▼

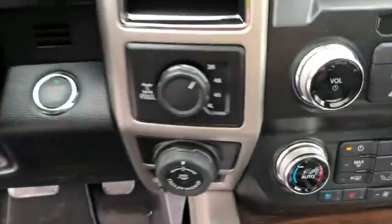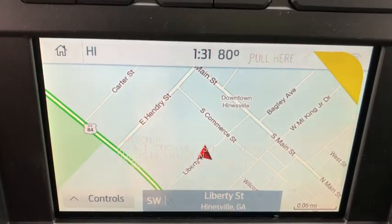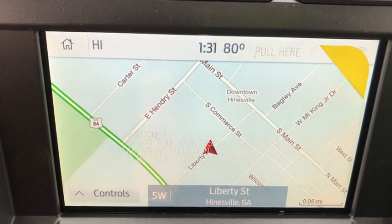Trip computer. Fog lights. Electronic stability control. Brake assist. Remote keyless entry. Panic alarm.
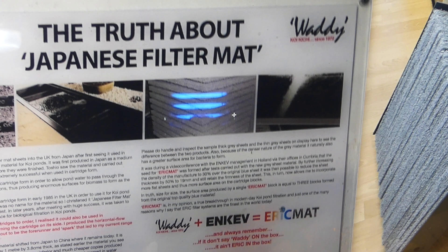I started to promote this material in tailored cartridge form in early to middle 1985 in the UK for koi pond applications. On first arrival to the UK there was no name for the material, so I christened it Japanese filter mat — later to be given the derogatory term which I absolutely detest.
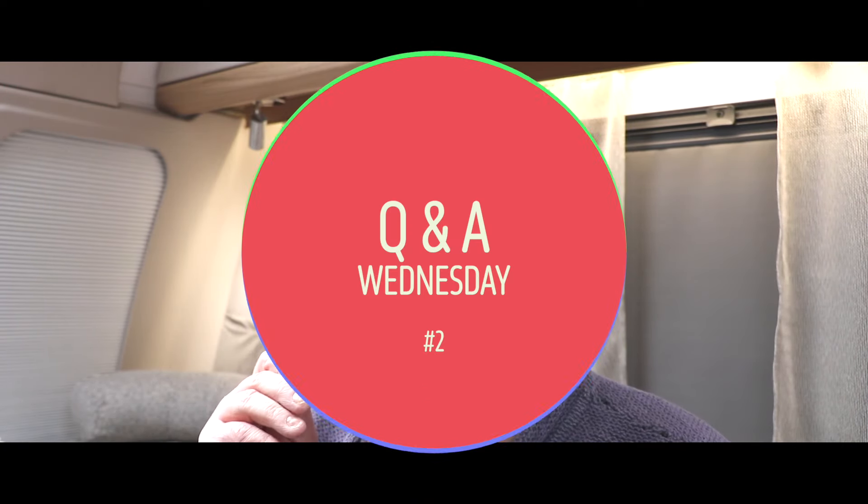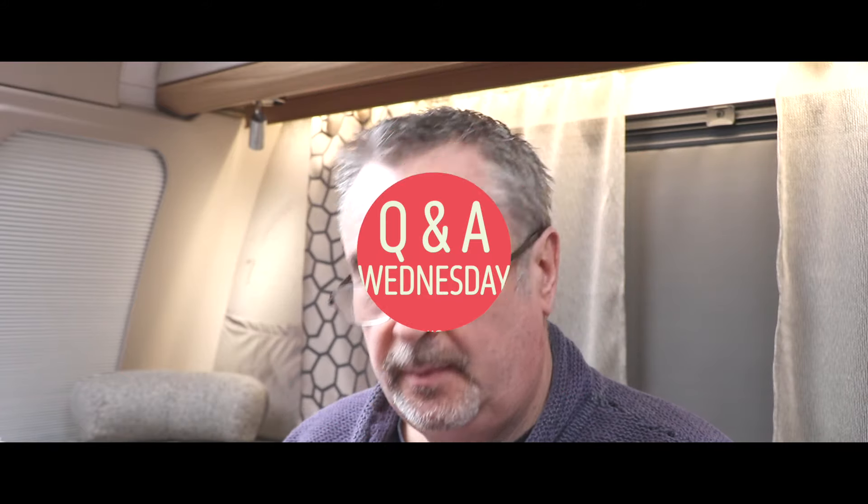Hello everybody, welcome back to Q&A Wednesday number two — we made it past the first one. This is now the tricky second album, so let's roll the credits whilst I put my glasses on and find the first question. This video is going to be slightly longer than the last one because I've got lots to say. We're going to start with a really good question from Duncan Ridgeway.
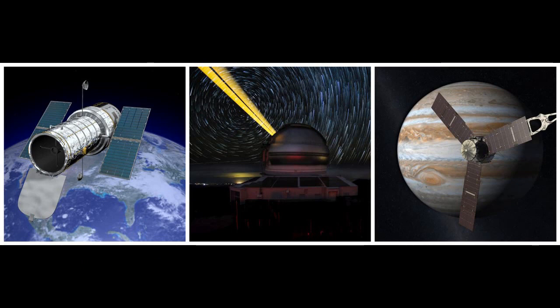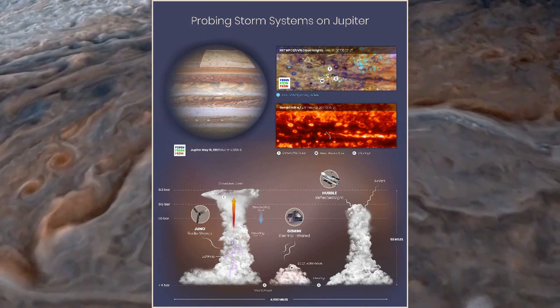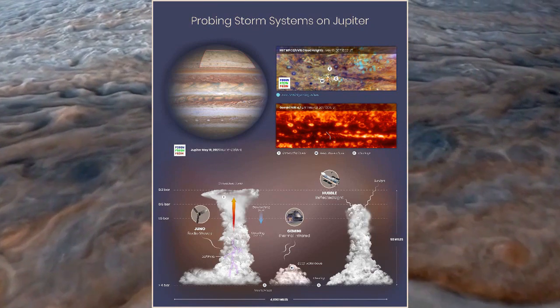Three telescopes, two in space and one on the ground, have recently examined the Great Red Spot of Jupiter, searching for the cause of that mighty storm. Using the Juno spacecraft, as well as the Hubble Space Telescope and the Gemini North Observatory in Hawaii, researchers have answered some of the greatest questions about the Jovian tempest. The storm is fed by warm gases rising up from within the atmosphere of Jupiter, creating pillars. This gas cools in the upper atmosphere and falls back just outside the storm system. Dark markings, long seen as a feature on the Great Red Spot, were shown to be holes in the storm where heat rises up from deep beneath the surface of the Jovian atmosphere.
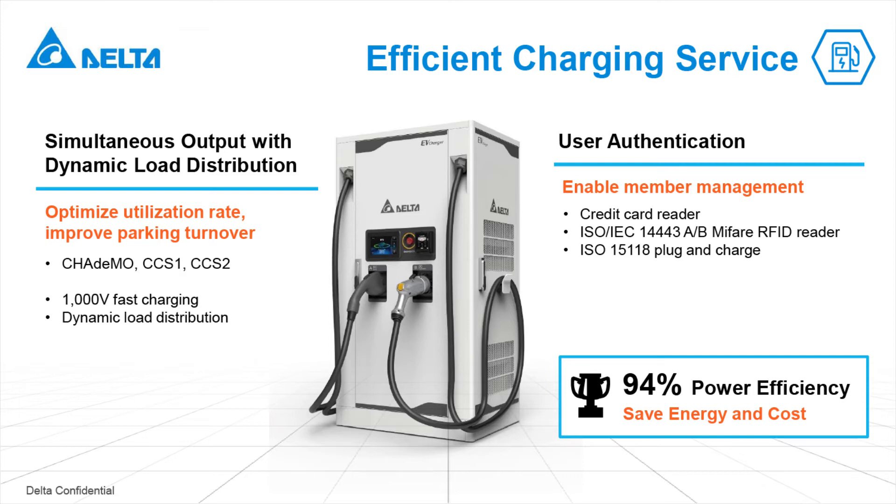Moreover, the charger conforms to ISO 15118 plug-and-charge. Together with all the key elements in the ecosystem, it provides the most secure and user-friendly way of authentication and power capacity management.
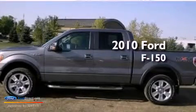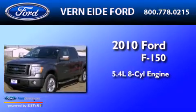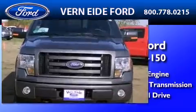This is a 2010 Ford F-150. It features a 5.4-liter eight-cylinder engine, an automatic transmission, and the added capability of four-wheel drive.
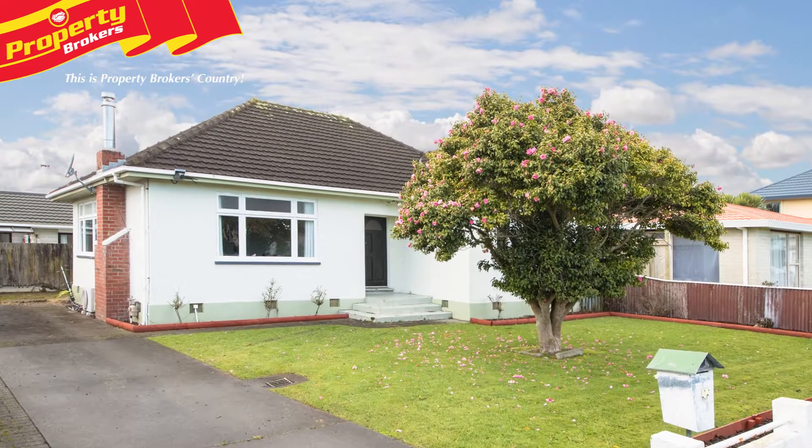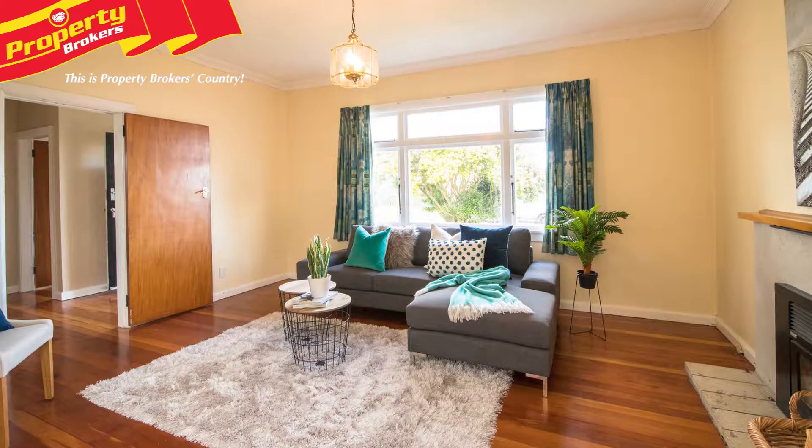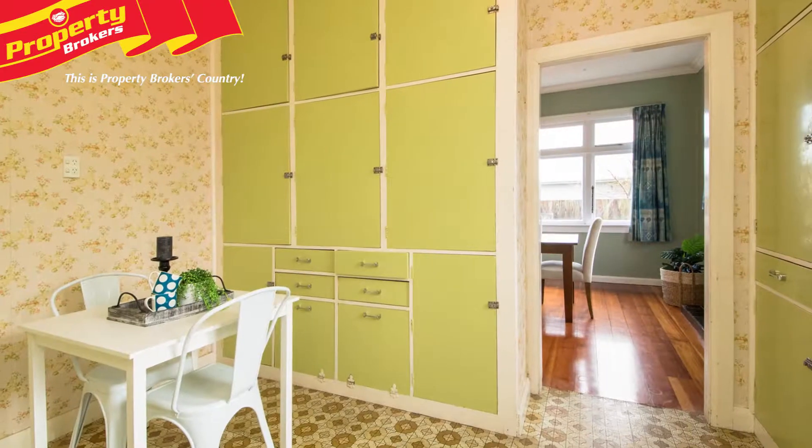A little cracker. Positioned in a great location, this 1940s stucco home is sitting, waiting for a new owner. 11 Moore Street is handy to the city centre, schools and all amenities.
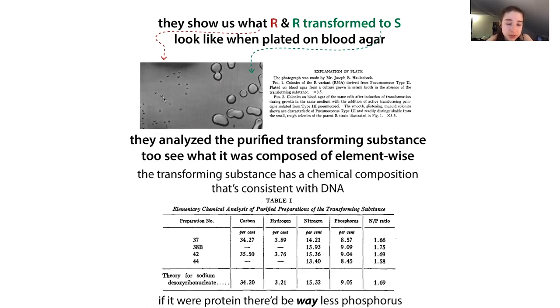You can see the rough R form and the smooth S form on the plate. The R form is derived from pneumococcus type two, and when transformed by the transforming substance, the resulting S form is type three. You see dramatic differences in the rough versus smooth appearance, and you can also tell them apart based on agglutination. This figure is actually hidden away in the supplementary material at the end of the paper, but it's really cool to see.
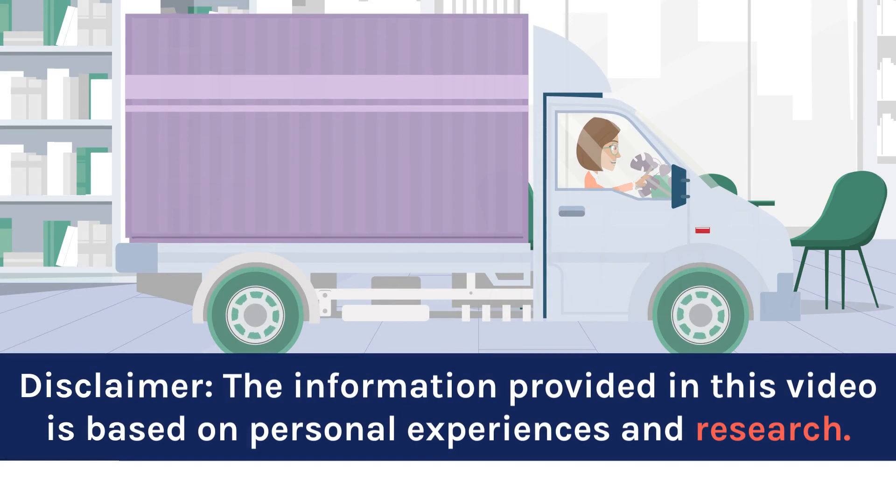Disclaimer: the information provided in this video is based on personal experiences and research.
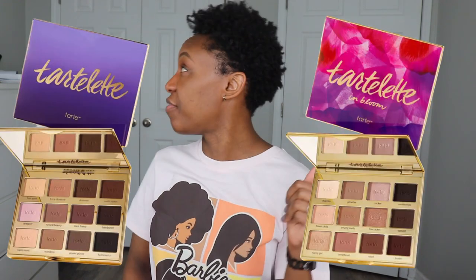Am fam. One word: Tart. I know. When's the last time I've mentioned that brand? When's the last time I've purchased anything from Tarte? It has been eons.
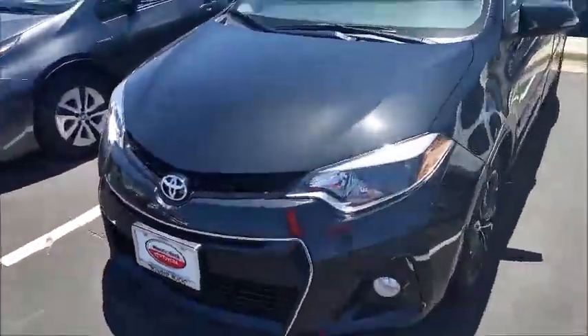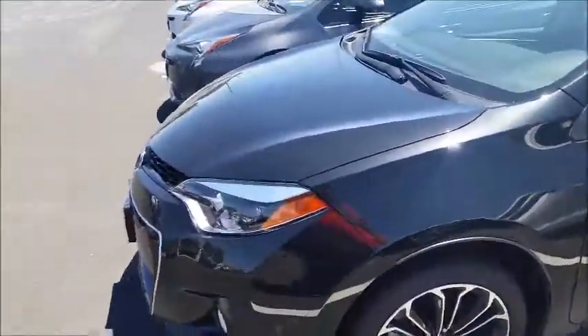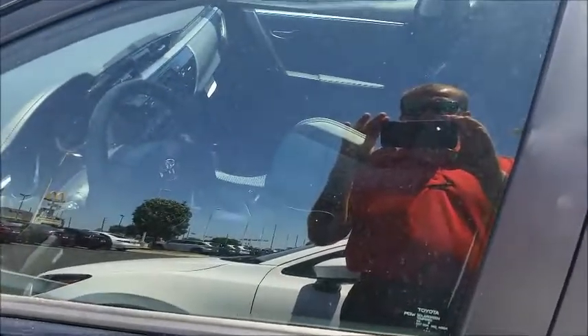Hi, this is Chris Butler and today is the 2016 Corolla S Plus. If you notice, it's got the alloy wheels, spotlights, and LED headlights as well, backup camera, Bluetooth with the standard. It is a two-tone, two interior leather with cloth inserts as well. This is a black on black.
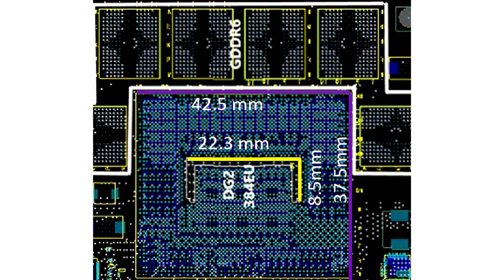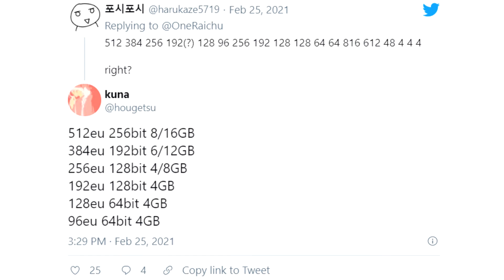In addition, the 256, 384, and 512 EU variants will have versions with different memory sizes, the largest of which is 16GB GDDR6 on a 256-bit bus.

▲

From the first line to the last, reproduce the records above exactly and skip the pictures.

Trip computer. Fog lights. Electronic stability control. Brake assist. Remote keyless entry. Panic alarm.
I started to promote this material in tailored cartridge form in early to middle 1985 in the UK for koi pond applications. On first arrival to the UK there was no name for the material, so I christened it Japanese filter mat — later to be given the derogatory term which I absolutely detest.
Hello everybody, welcome back to Q&A Wednesday number two — we made it past the first one. This is now the tricky second album, so let's roll the credits whilst I put my glasses on and find the first question. This video is going to be slightly longer than the last one because I've got lots to say. We're going to start with a really good question from Duncan Ridgeway.
Three telescopes, two in space and one on the ground, have recently examined the Great Red Spot of Jupiter, searching for the cause of that mighty storm. Using the Juno spacecraft, as well as the Hubble Space Telescope and the Gemini North Observatory in Hawaii, researchers have answered some of the greatest questions about the Jovian tempest. The storm is fed by warm gases rising up from within the atmosphere of Jupiter, creating pillars. This gas cools in the upper atmosphere and falls back just outside the storm system. Dark markings, long seen as a feature on the Great Red Spot, were shown to be holes in the storm where heat rises up from deep beneath the surface of the Jovian atmosphere.
Moreover, the charger conforms to ISO 15118 plug-and-charge. Together with all the key elements in the ecosystem, it provides the most secure and user-friendly way of authentication and power capacity management.
This is a 2010 Ford F-150. It features a 5.4-liter eight-cylinder engine, an automatic transmission, and the added capability of four-wheel drive.
A little cracker. Positioned in a great location, this 1940s stucco home is sitting, waiting for a new owner. 11 Moore Street is handy to the city centre, schools and all amenities.
You can see the rough R form and the smooth S form on the plate. The R form is derived from pneumococcus type two, and when transformed by the transforming substance, the resulting S form is type three. You see dramatic differences in the rough versus smooth appearance, and you can also tell them apart based on agglutination. This figure is actually hidden away in the supplementary material at the end of the paper, but it's really cool to see.
Disclaimer: the information provided in this video is based on personal experiences and research.
Am fam. One word: Tart. I know. When's the last time I've mentioned that brand? When's the last time I've purchased anything from Tarte? It has been eons.
Hi, this is Chris Butler and today is the 2016 Corolla S Plus. If you notice, it's got the alloy wheels, spotlights, and LED headlights as well, backup camera, Bluetooth with the standard. It is a two-tone, two interior leather with cloth inserts as well. This is a black on black.
In addition, the 256, 384, and 512 EU variants will have versions with different memory sizes, the largest of which is 16GB GDDR6 on a 256-bit bus.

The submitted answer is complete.